In “Escaping the Superfuture,” Douglas Coupland’s recent Financial Times column, the writer-artist indulges in some 1990s nostalgia–hard to believe, right?–realizing there’s no eluding today, which feels an awful lot like tomorrow. “Human beings weren’t built for progress,” he offers. An excerpt:

Lately I’ve been experiencing a new temporal sensation that’s odd to articulate, but I do think is shared by most people. It’s this: until recently, the future was always something out there up ahead of us, something to anticipate or dread, but it was always away from the present.

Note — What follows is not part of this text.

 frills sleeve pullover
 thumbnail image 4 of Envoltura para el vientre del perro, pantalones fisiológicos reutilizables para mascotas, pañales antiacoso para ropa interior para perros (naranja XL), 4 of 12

But not any more. Somewhere in the past few years the present melted into the future. We’re now living inside the future 24/7 and this (weirdly electric and buzzy) sensation shows no sign of stopping — if anything, it grows ever more intense. Elsewhere I’ve labelled this experience “the extreme present” — or another label for this new realm might be “the superfuture”. In this superfuture I feel like I’m clamped into a temporal roller coaster and, at the crest of the first hill, I can see that my roller coaster actually runs off far into the horizon. Wait! How is this thing supposed to end?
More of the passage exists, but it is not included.